__HOW TO COMPLETE THIS TASK__: The answer is to be the lines below that lie between the line holding "soulcycle Black Laser-Cut High-Rise Leggings" and the line holding "V-Tess 2206 Men's", inclusive, transcribed exactly and free of pictures.

__INFORMATION__:

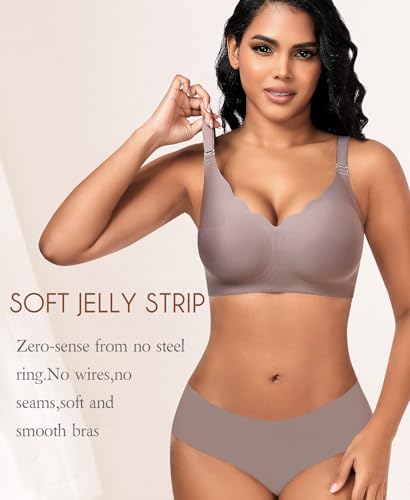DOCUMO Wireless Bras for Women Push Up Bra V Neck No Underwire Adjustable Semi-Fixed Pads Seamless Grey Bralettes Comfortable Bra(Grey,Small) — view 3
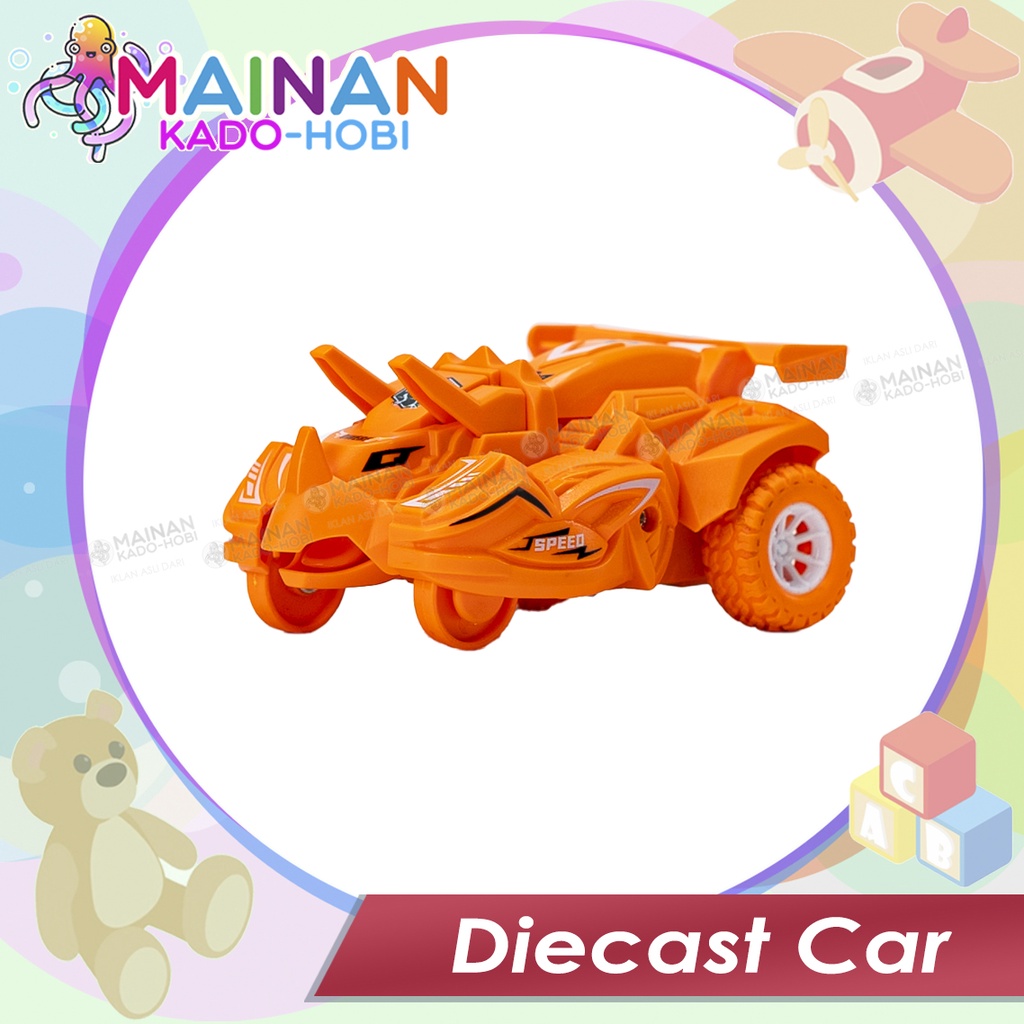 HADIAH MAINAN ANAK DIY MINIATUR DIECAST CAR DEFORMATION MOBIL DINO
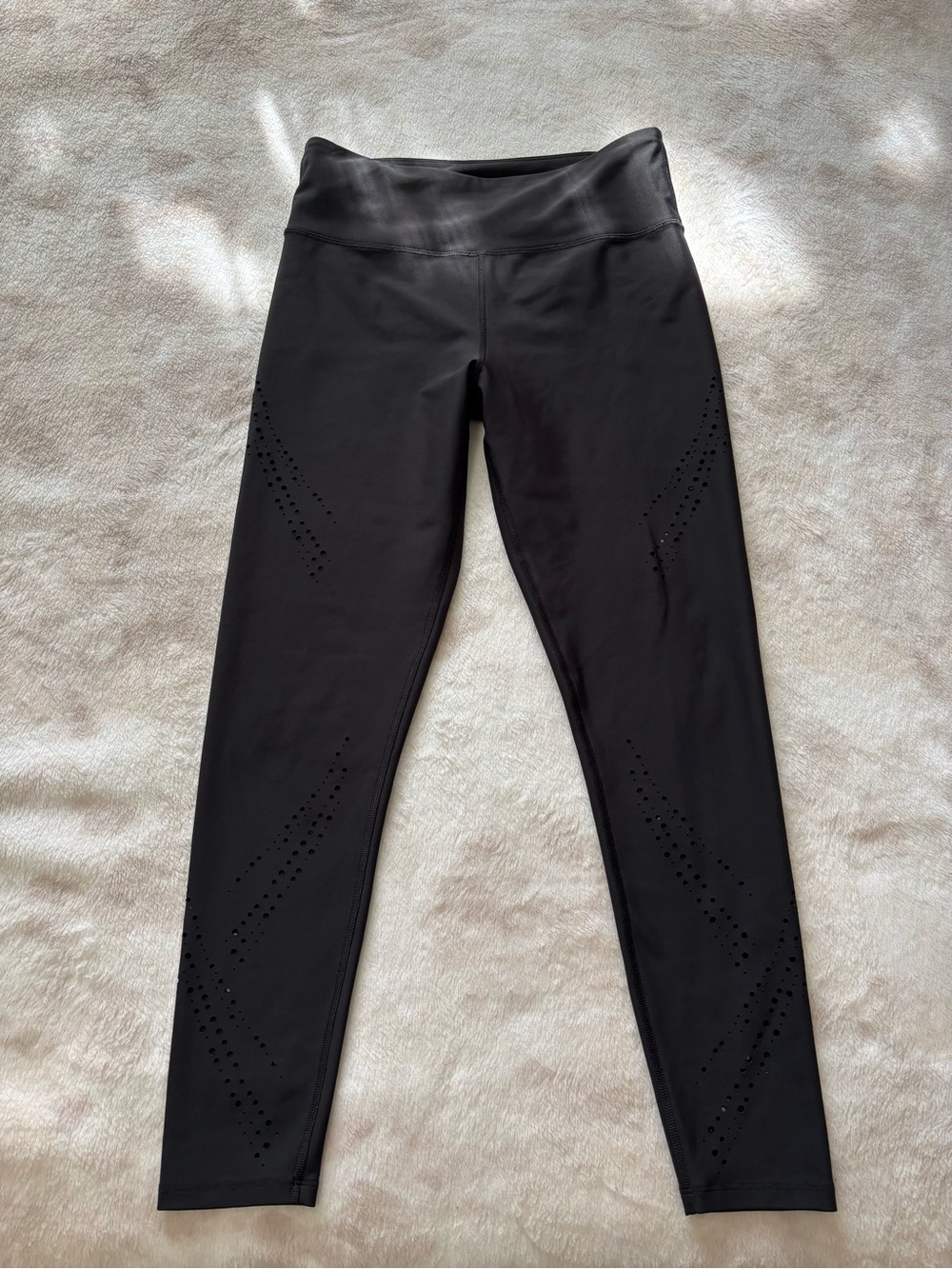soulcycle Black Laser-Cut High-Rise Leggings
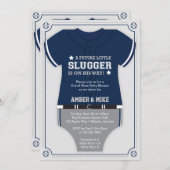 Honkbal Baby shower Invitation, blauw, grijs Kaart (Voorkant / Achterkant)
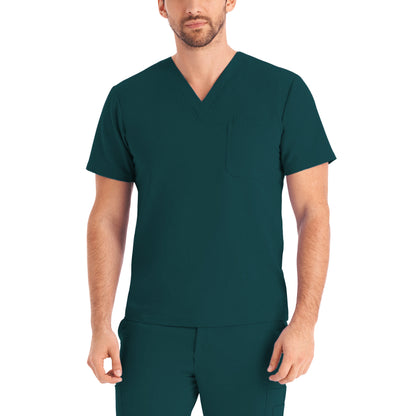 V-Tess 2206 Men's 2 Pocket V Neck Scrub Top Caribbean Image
* * *
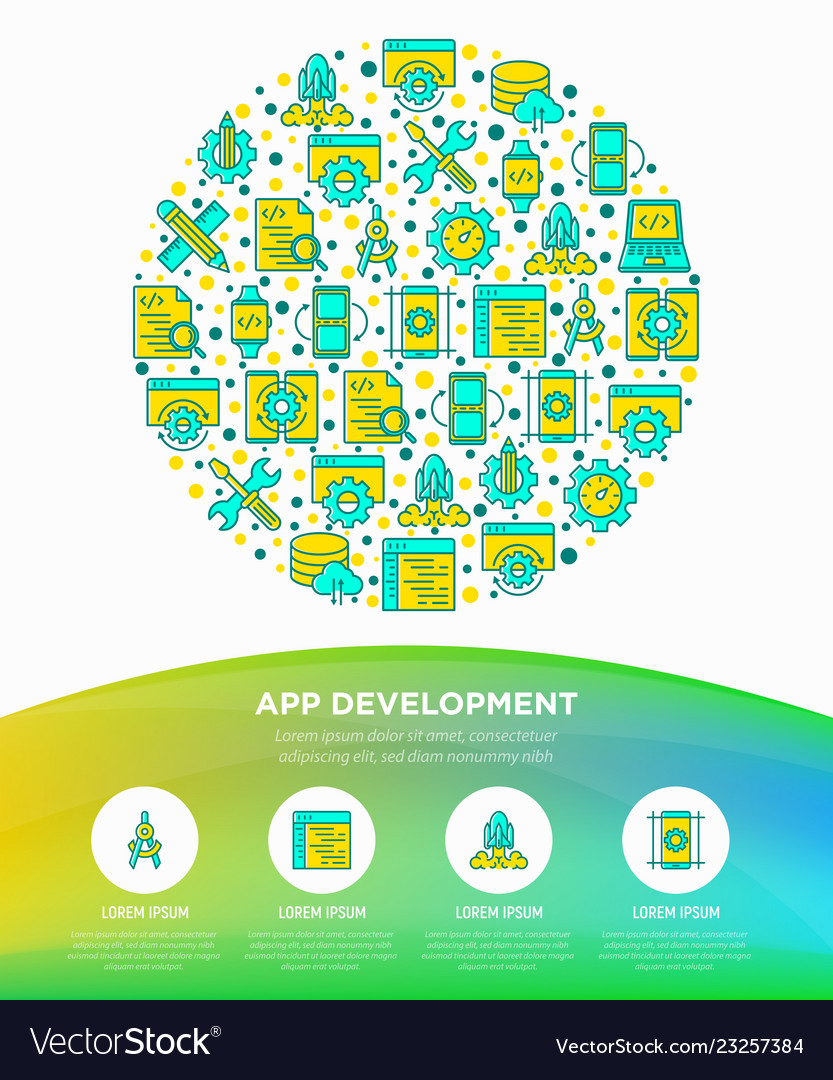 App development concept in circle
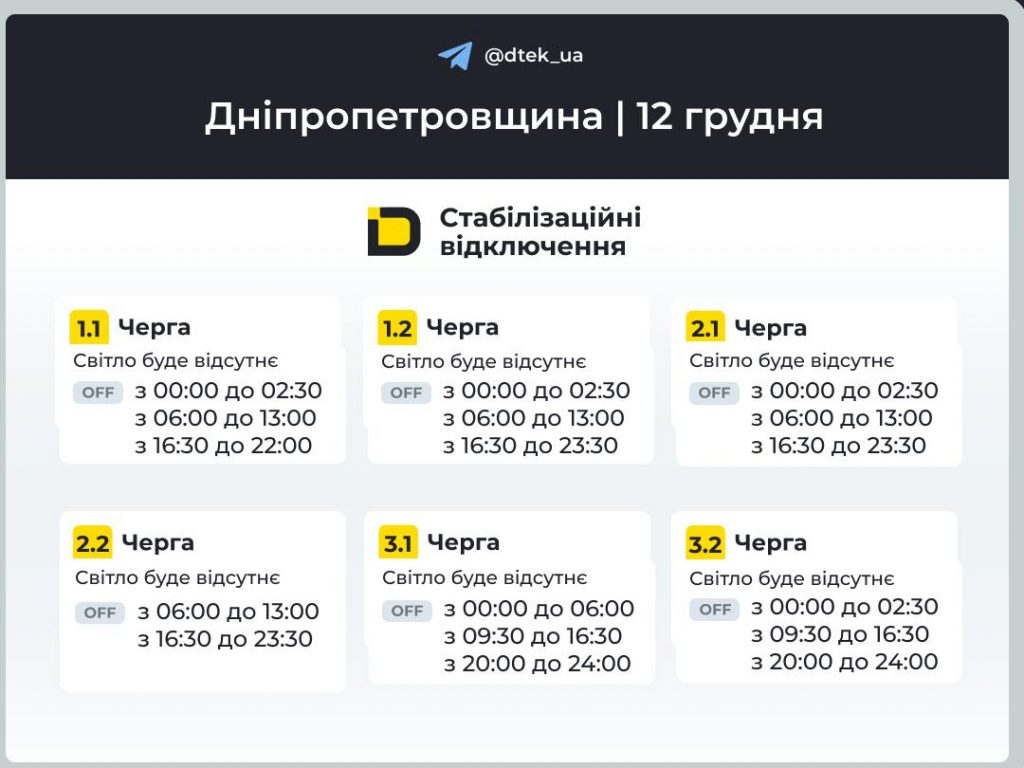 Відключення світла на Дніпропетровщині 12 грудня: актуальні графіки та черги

__REPLY__:
soulcycle Black Laser-Cut High-Rise Leggings
 Honkbal Baby shower Invitation, blauw, grijs Kaart (Voorkant / Achterkant)
 V-Tess 2206 Men's 2 Pocket V Neck Scrub Top Caribbean Image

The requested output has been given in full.